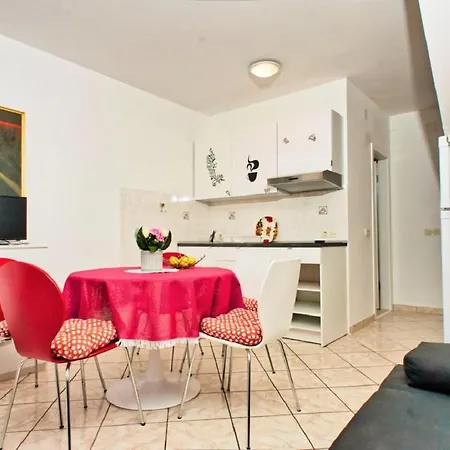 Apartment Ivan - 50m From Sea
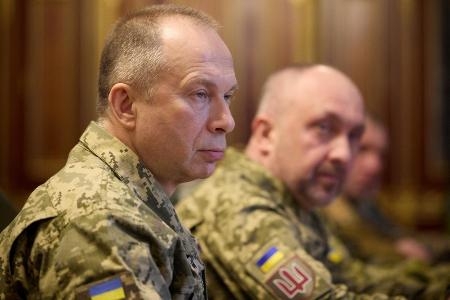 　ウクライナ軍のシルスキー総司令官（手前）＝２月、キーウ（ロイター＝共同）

* * *

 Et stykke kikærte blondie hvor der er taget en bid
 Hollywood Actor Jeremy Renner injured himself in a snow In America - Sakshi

## ASSIGNED TASK
What you write must match the listing exactly, from the line with "Apartment Ivan - 50m From Sea" up to and including the line with "ウクライナ軍のシルスキー総司令官（手前）＝２月、キーウ（ロイター＝共同）". Pictures stay out.

## WRITTEN SOLUTION
 Apartment Ivan - 50m From Sea
 　ウクライナ軍のシルスキー総司令官（手前）＝２月、キーウ（ロイター＝共同）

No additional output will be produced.